If that’s a joke, it’s very funny.
Very funny joke
It’s like taking the beef out of hamburgers.
But wait, we can replace it with tofu.
Good satire
This was printed in the Examiner under satire.
Imagine there’s no ball
It’s easy if you try..
We are all winners
Don’t have to ask why.
I was hoping this was a parody or that today was April 1st.
Epic fail doesn’t go far enough in describing this.
Not keeping score is horrible enough but take away that ball? Just what the hell will the kids actually be doing? They do a lot of meth up north, eh?
No, wait it’s gotta be fake.
It’s hard to tell these days.
“If you imagine you’re good at soccer, then, you are.”
KID: You mean I can imagine I’m really good in anything, even the NFL? I’m better than Tom Brady? Keeewllllllll...
Instead of having “What did Jesse Jackson say?” competitions, now we can have “Is it real news or satire?” competitions.
Ping.
If this isn’t a parody it is proof that liberalism is a mental disorder!
Just like “you know who” took the balls out of Foreign Policy?
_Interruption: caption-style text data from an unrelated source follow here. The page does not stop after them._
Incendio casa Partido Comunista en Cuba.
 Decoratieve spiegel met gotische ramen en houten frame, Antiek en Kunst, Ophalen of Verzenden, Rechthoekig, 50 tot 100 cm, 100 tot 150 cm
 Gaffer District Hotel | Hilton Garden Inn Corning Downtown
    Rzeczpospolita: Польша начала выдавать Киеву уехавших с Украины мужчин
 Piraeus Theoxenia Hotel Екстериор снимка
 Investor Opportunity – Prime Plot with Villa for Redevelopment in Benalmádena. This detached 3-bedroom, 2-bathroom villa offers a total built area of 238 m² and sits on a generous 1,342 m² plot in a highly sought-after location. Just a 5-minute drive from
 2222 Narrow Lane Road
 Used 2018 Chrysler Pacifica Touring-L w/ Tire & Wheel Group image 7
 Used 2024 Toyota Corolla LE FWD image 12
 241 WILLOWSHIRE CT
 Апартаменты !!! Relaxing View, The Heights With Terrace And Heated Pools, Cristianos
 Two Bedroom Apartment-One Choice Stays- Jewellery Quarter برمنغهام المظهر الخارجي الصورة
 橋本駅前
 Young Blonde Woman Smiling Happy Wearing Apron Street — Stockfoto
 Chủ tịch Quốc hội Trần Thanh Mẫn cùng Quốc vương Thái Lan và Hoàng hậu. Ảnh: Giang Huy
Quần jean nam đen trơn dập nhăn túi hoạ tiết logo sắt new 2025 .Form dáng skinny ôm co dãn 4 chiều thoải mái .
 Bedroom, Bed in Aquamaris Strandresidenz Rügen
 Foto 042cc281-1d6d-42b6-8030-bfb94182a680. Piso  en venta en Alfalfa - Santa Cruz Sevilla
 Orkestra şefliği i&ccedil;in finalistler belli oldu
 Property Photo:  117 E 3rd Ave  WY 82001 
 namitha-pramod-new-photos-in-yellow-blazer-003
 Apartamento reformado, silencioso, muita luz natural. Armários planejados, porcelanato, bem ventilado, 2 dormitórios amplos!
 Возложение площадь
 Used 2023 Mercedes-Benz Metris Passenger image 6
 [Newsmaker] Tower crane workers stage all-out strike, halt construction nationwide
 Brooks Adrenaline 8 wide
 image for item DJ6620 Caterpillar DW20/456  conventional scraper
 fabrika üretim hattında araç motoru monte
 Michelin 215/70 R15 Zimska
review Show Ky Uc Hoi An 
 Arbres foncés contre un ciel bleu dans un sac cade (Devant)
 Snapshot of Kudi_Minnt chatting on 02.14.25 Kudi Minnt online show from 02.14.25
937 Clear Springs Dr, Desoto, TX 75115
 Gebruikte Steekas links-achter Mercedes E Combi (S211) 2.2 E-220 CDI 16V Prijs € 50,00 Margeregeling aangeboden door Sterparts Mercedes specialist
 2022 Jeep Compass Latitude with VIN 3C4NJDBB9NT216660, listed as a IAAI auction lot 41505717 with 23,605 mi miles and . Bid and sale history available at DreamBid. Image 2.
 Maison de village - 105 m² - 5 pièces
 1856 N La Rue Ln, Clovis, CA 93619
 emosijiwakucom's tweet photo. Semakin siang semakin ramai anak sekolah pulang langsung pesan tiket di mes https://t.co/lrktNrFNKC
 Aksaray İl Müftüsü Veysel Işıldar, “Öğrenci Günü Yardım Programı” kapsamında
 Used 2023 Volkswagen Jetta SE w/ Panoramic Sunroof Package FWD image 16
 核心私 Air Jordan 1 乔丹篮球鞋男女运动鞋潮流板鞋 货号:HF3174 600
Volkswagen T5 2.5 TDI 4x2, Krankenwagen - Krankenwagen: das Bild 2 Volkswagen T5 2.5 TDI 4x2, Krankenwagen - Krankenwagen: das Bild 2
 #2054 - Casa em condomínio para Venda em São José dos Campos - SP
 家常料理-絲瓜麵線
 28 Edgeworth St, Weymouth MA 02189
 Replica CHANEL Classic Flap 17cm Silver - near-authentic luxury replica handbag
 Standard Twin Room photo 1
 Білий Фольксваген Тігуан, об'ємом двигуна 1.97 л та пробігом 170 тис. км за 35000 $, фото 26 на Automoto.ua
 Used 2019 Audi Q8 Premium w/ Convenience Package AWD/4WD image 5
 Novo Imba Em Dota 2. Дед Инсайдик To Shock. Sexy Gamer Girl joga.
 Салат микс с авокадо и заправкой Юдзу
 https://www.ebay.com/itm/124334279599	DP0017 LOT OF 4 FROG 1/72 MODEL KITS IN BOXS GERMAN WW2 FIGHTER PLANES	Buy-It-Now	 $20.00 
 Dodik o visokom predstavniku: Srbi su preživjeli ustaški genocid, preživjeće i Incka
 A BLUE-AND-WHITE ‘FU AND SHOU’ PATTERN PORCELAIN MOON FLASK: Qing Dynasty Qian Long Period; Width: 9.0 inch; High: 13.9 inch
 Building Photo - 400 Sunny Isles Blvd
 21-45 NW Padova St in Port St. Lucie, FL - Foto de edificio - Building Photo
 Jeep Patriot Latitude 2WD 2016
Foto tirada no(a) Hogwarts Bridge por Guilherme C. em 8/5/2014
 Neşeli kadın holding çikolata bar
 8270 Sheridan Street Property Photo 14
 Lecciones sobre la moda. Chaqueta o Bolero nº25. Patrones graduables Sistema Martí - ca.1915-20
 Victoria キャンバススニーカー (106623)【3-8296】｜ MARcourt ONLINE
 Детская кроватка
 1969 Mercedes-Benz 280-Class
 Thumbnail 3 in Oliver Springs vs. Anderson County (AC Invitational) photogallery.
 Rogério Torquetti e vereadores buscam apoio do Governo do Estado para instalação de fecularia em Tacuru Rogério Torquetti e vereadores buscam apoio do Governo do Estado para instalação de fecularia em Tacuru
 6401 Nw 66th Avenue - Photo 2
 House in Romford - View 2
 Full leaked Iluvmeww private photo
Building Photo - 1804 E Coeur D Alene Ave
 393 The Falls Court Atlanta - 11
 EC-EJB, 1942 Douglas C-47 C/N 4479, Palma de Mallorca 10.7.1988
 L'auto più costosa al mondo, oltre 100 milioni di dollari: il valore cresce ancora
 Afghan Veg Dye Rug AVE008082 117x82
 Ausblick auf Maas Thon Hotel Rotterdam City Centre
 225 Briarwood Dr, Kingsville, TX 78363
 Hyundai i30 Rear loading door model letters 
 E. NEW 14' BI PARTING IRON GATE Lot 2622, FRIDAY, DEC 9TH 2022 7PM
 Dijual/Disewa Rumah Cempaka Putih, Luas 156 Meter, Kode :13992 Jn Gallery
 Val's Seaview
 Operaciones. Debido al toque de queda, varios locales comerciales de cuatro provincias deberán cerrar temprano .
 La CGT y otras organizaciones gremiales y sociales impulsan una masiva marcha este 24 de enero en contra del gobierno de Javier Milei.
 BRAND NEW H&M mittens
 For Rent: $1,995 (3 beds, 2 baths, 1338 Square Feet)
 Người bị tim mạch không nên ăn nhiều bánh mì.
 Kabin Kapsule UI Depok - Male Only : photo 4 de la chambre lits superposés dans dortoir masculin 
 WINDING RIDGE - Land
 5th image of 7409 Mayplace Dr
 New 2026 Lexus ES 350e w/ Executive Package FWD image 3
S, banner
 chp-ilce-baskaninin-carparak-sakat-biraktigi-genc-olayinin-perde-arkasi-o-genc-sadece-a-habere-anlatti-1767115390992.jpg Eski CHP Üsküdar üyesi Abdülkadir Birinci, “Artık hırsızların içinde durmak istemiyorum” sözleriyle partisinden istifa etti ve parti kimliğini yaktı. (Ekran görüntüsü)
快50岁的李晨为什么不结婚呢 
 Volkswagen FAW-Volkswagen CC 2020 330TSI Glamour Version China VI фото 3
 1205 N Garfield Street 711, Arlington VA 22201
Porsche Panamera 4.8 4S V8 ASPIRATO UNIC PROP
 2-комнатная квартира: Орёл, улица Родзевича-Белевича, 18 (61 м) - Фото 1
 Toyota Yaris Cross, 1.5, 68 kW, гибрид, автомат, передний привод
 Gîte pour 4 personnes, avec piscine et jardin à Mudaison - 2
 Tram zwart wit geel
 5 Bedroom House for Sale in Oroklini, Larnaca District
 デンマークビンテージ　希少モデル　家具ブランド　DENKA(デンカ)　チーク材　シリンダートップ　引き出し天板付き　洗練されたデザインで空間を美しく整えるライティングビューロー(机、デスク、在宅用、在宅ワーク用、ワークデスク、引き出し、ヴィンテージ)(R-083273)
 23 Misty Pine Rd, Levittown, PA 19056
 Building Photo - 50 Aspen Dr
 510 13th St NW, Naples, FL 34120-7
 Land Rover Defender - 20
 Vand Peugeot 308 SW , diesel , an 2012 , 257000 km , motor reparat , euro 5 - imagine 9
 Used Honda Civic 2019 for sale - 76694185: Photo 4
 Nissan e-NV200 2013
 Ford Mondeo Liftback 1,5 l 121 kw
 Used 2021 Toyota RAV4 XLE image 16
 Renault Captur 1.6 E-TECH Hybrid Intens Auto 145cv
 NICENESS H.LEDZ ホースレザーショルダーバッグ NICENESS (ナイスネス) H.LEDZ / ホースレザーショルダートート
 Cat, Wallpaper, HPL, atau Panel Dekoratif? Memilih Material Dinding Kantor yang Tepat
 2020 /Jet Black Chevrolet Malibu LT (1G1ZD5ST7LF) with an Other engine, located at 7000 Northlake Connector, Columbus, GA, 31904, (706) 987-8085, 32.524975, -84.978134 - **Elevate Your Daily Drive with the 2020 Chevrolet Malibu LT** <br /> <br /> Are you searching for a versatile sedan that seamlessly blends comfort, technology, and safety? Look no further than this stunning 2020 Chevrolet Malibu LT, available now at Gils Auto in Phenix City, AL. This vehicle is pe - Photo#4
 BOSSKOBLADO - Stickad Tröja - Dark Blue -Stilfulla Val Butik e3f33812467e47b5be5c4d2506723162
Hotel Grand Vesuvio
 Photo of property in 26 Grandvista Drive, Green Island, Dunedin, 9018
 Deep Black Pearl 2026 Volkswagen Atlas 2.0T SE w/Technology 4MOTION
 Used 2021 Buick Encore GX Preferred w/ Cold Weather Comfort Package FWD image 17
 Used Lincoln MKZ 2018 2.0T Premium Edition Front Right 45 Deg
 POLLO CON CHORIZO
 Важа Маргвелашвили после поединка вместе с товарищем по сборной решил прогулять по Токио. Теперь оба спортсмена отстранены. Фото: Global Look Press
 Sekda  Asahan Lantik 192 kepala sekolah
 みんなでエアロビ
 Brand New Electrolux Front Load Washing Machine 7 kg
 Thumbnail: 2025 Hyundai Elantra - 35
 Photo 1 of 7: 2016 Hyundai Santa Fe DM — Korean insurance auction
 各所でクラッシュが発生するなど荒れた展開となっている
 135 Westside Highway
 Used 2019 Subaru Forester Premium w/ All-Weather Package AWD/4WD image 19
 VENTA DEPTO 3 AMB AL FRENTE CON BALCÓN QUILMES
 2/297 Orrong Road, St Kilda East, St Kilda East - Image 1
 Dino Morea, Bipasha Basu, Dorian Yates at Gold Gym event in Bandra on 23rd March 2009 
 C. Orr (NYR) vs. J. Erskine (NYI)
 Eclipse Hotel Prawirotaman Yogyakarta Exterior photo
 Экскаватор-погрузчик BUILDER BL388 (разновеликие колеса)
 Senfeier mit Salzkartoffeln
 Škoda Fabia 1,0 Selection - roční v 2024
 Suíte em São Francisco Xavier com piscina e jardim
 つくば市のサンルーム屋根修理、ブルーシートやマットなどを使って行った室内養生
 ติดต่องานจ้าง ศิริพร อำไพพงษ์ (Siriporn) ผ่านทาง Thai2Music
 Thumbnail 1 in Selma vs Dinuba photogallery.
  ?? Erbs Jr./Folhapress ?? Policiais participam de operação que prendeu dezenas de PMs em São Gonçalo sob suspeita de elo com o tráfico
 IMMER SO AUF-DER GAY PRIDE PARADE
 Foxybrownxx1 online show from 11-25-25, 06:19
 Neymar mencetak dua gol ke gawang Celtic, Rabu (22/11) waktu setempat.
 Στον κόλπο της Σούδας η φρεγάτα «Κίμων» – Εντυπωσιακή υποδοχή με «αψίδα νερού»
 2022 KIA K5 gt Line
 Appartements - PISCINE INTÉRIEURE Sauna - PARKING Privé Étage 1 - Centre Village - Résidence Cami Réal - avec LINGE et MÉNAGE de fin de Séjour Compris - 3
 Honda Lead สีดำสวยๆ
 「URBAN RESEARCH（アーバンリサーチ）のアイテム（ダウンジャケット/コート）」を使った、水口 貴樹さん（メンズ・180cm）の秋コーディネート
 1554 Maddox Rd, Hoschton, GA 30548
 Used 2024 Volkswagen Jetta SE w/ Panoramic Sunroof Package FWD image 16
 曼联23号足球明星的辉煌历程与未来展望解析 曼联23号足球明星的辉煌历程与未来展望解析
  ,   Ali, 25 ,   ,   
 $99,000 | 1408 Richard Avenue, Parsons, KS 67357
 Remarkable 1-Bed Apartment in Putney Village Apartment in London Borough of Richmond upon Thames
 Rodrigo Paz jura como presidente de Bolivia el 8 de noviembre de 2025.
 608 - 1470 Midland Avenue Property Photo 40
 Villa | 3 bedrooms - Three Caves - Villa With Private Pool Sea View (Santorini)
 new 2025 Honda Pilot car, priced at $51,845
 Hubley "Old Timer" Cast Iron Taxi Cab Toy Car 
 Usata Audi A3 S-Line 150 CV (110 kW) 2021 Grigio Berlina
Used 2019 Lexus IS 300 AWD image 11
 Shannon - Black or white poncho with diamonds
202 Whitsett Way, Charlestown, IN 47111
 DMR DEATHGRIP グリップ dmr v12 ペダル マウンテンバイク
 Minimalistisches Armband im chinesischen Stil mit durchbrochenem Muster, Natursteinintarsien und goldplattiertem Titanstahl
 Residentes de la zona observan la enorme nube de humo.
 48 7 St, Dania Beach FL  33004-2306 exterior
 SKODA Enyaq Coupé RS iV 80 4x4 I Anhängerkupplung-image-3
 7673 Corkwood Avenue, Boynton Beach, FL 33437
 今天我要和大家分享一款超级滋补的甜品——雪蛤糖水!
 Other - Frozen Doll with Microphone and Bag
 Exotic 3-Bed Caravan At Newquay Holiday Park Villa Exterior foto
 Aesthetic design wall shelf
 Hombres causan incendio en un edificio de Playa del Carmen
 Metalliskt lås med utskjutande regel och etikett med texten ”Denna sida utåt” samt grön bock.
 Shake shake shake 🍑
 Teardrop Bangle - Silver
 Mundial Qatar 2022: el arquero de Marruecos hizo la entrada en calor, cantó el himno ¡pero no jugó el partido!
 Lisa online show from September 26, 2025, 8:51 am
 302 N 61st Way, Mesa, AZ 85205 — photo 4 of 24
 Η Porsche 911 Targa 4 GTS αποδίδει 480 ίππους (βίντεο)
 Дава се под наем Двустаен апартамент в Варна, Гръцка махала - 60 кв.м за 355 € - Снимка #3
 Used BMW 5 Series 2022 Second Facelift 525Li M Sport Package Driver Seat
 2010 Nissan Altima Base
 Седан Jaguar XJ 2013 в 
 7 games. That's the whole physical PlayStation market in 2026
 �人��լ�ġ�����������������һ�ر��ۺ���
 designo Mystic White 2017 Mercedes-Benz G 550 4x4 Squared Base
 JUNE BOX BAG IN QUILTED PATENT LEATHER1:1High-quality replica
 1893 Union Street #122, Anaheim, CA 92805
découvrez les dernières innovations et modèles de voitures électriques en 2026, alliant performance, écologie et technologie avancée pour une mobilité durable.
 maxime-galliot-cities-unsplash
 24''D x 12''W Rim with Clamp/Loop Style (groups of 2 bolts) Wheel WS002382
I’m going to bed early, happy and comforted by the knowledge that just by thinking about it I can pull a 100mph major league fastball into the left field stands, wait on the curve and go opposite field, have more moves and agility at shortstop than Ozzy Smith at his prime, and can throw anyone out at first from deep short and the edge of the outfield grass with my cannon arm. When I wake up tomorrow I’m hoping that there’s a multi-year multi-million dollar major league contract on the nightstand.
I was punked for about a minute.
Looks like most of Canada fell for it. Well done. And sadly, it’s not all that unbelievable.
Yep. Got me. ;)
Maybe it is satire, but I have actually had a ‘mother’ tell me that she doesn’t let her kids play sports because ‘they are already winners in my mind, and by not ever losing, they can stay winners in their minds, too.” Not kidding. A GenWhyMe 27 year old.
They don’t need a ball.They don’t even have to go thru the motions of a game. Each team gathers at opposite ends of the field, and imagines how they would play and score. When time runs out, they then cheer at what they imagine their outcome was.
Oh -—— wait. Better cancel that last part, as one team might out cheer the other team. Better gather together and sing Kum-ba-ya———— but all at the same noise level. And then go home after a friendly, lovely, kindly, fair, game of soccer. And ——— no dirty uniforms!!!!!